Data for this task:
'''
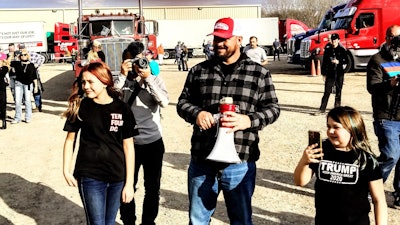 Brase, with megaphone, leading the choir.
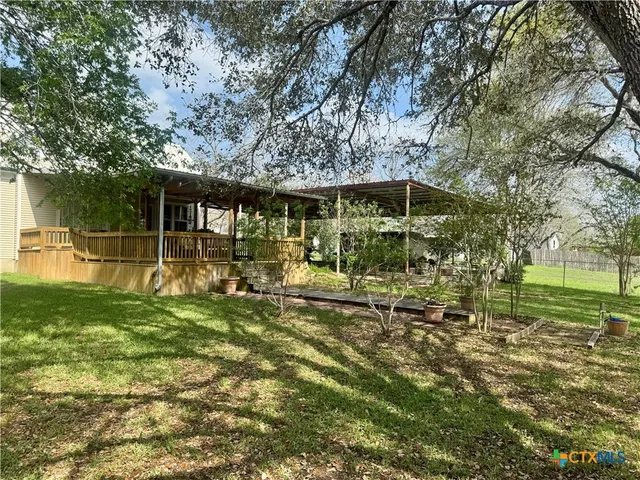 a view of swimming pool with a table and chairs under an umbrella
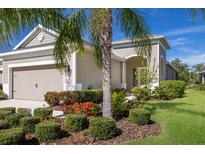 Charming single-Gathering home boasts lush landscaping and a well-manicured lawn, complemented by a two-car garage at 4609 Deep Creek Ter, Parrish, FL 34219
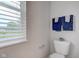 Bright bathroom showcases a toilet with decor and a window with natural light at 10602 Pintail Ln, Indianapolis, IN 46239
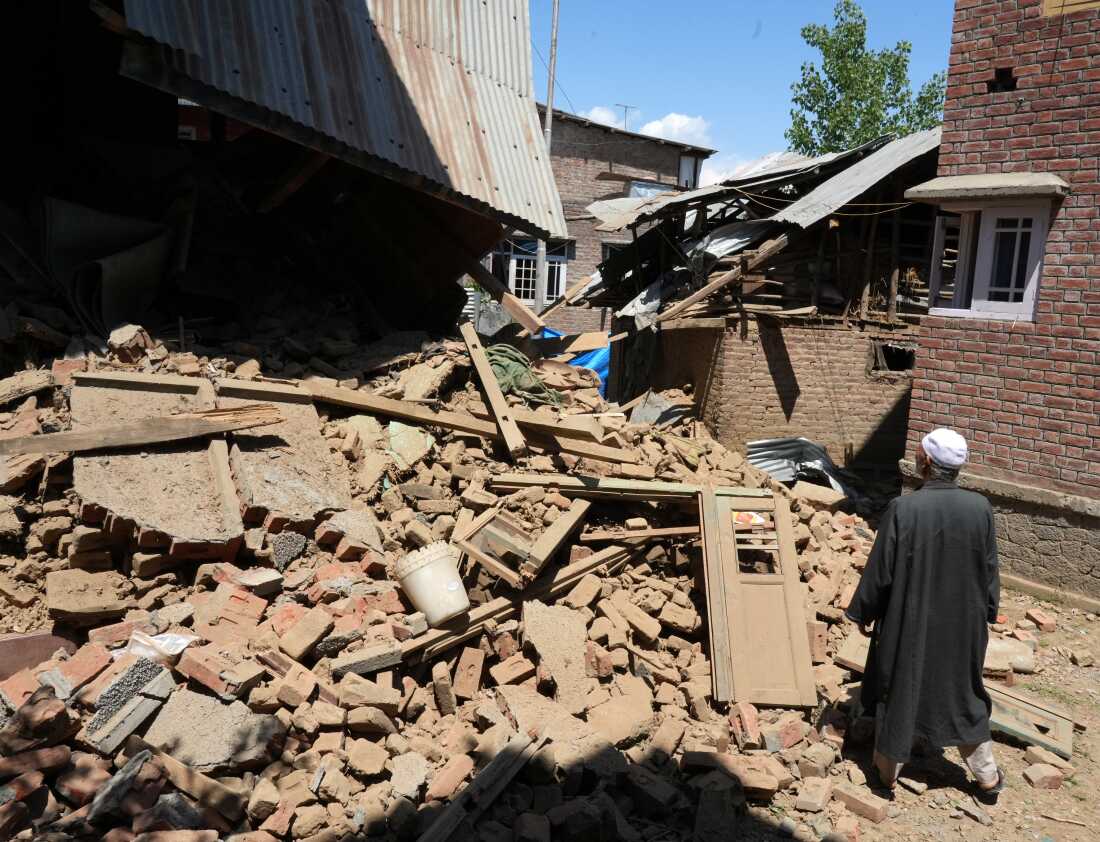 An elderly man inspecting the demolished family house of Kashmiri militant Adil Thoker in Guree village of South Kashmir.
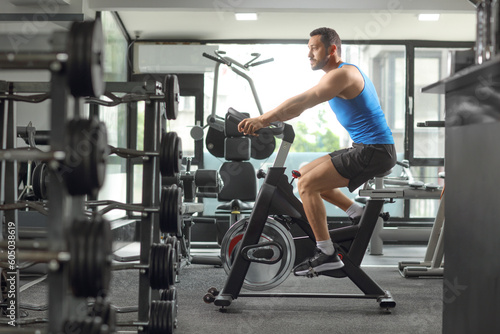 Man exercising cardio training in a gym on a stationary bicycle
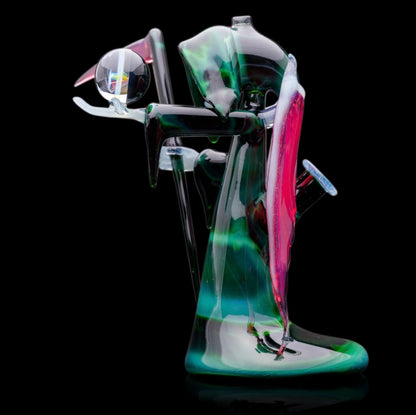 A custom glass piece by Joachim Dallant featuring a winged reaper figure with a colorful backdrop, incorporating a Fumicello orb and a removable scythe dabber.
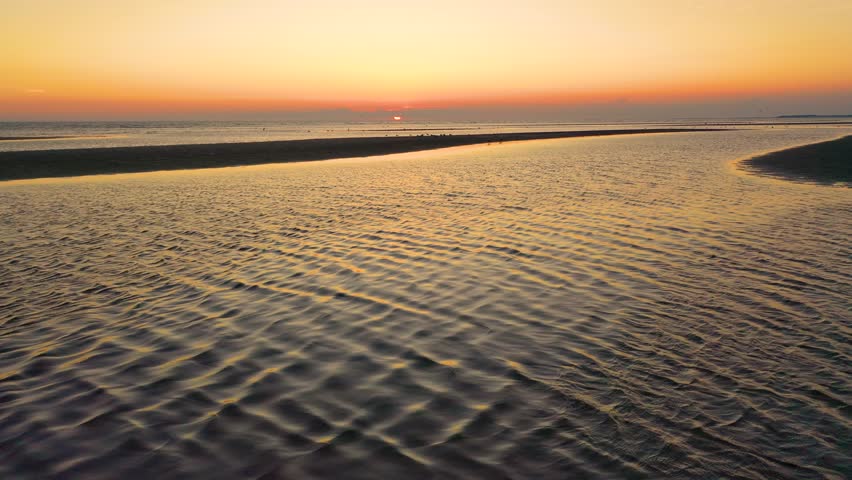 Drone aerial over low tide sandbars at sunset as shorebirds gather and glide across rippled shallows. Calm water reflects warm orange skies, creating a serene coastal seascape, cinematic 4K b-roll.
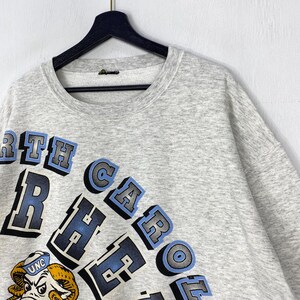 May include: A light grey heathered crewneck sweatshirt featuring the text NORTH CAROLINA TAR HEELS in a bold, arched blue and black font. Below the text is a graphic illustration of a ram mascot wearing a blue hat with the letters UNC.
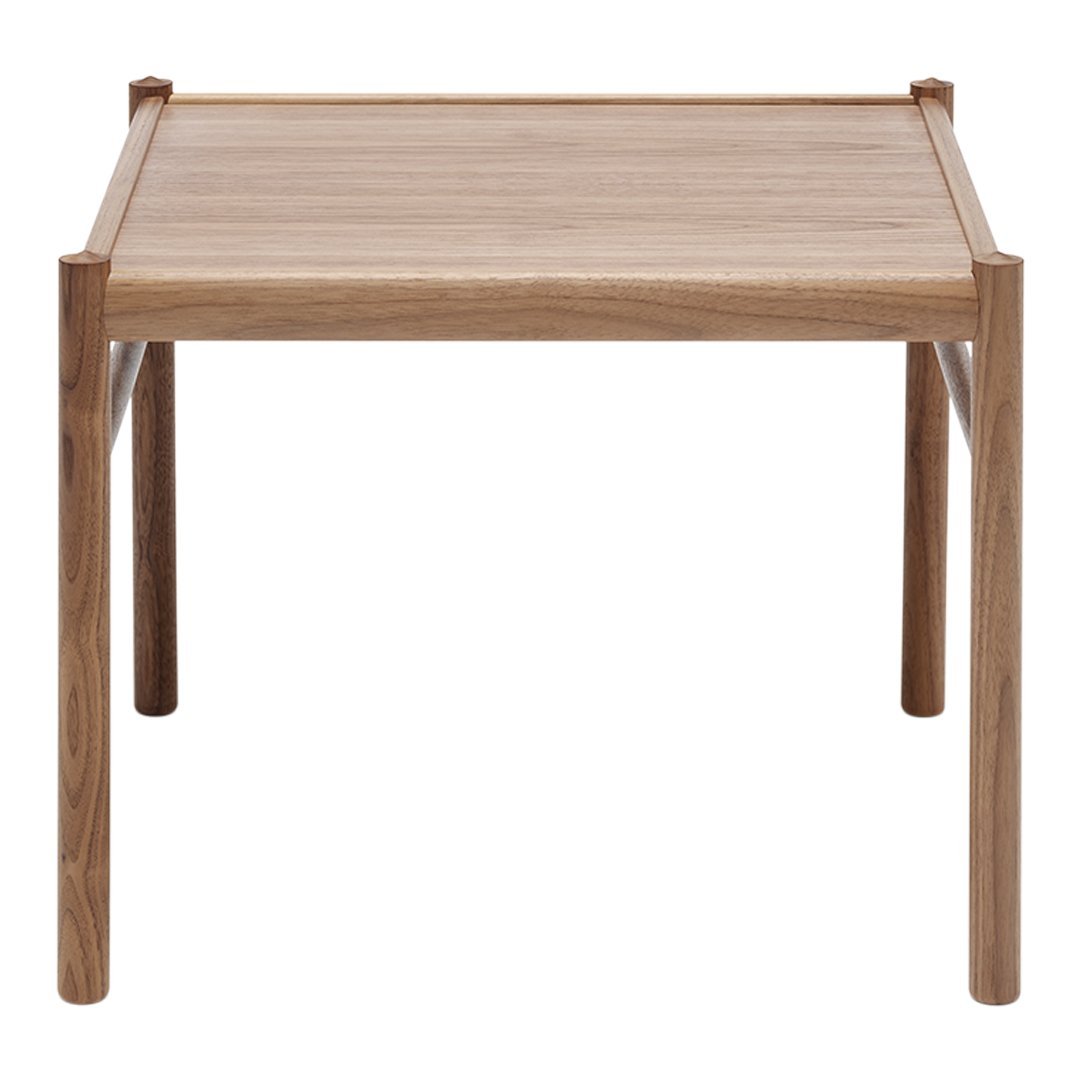 Solid walnut square table with a smooth, natural wood finish and minimalist design. Perfect for modern decor.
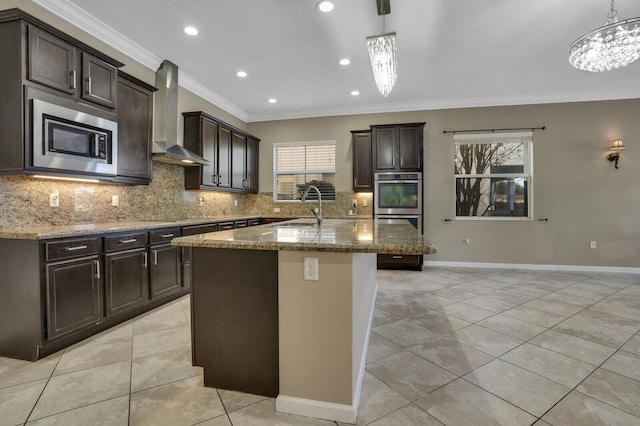 kitchen with wall chimney range hood, appliances with stainless steel finishes, a kitchen island with sink, hanging light fixtures, and ornamental molding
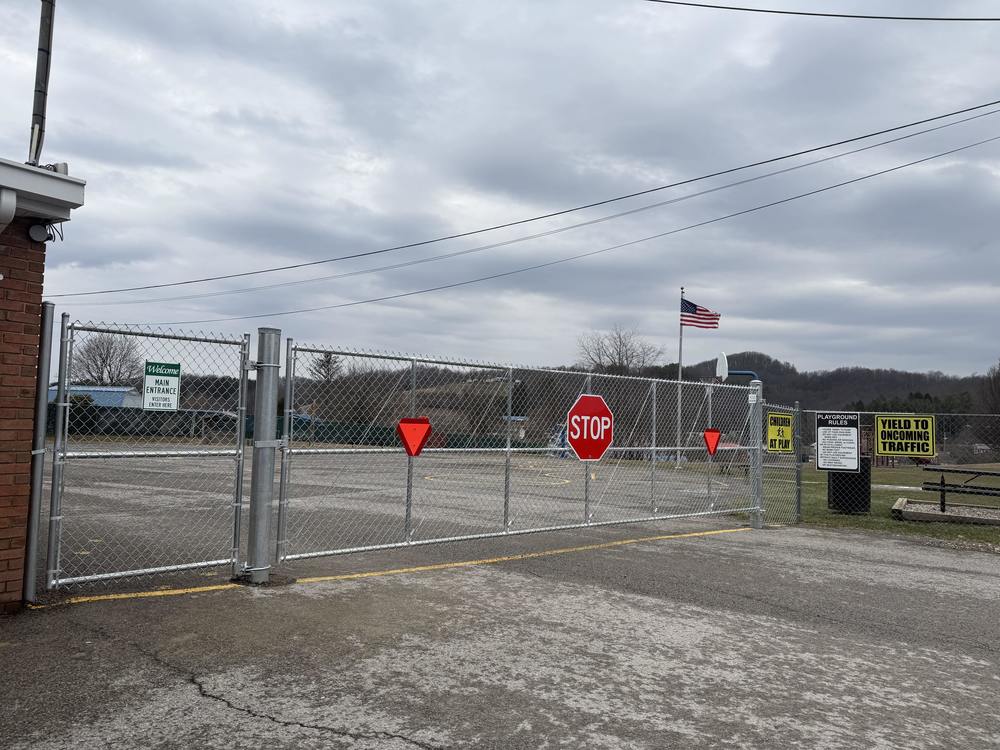 New fencing gate across the road at TES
'''
Exercise goal: Exactly as written, set down the lines from the line holding "Drone aerial over" to the last line of the data, both ends included, pictures excluded.

Solved problem:
 Drone aerial over low tide sandbars at sunset as shorebirds gather and glide across rippled shallows. Calm water reflects warm orange skies, creating a serene coastal seascape, cinematic 4K b-roll.
 May include: A light grey heathered crewneck sweatshirt featuring the text NORTH CAROLINA TAR HEELS in a bold, arched blue and black font. Below the text is a graphic illustration of a ram mascot wearing a blue hat with the letters UNC.
 Solid walnut square table with a smooth, natural wood finish and minimalist design. Perfect for modern decor.
 kitchen with wall chimney range hood, appliances with stainless steel finishes, a kitchen island with sink, hanging light fixtures, and ornamental molding
 New fencing gate across the road at TES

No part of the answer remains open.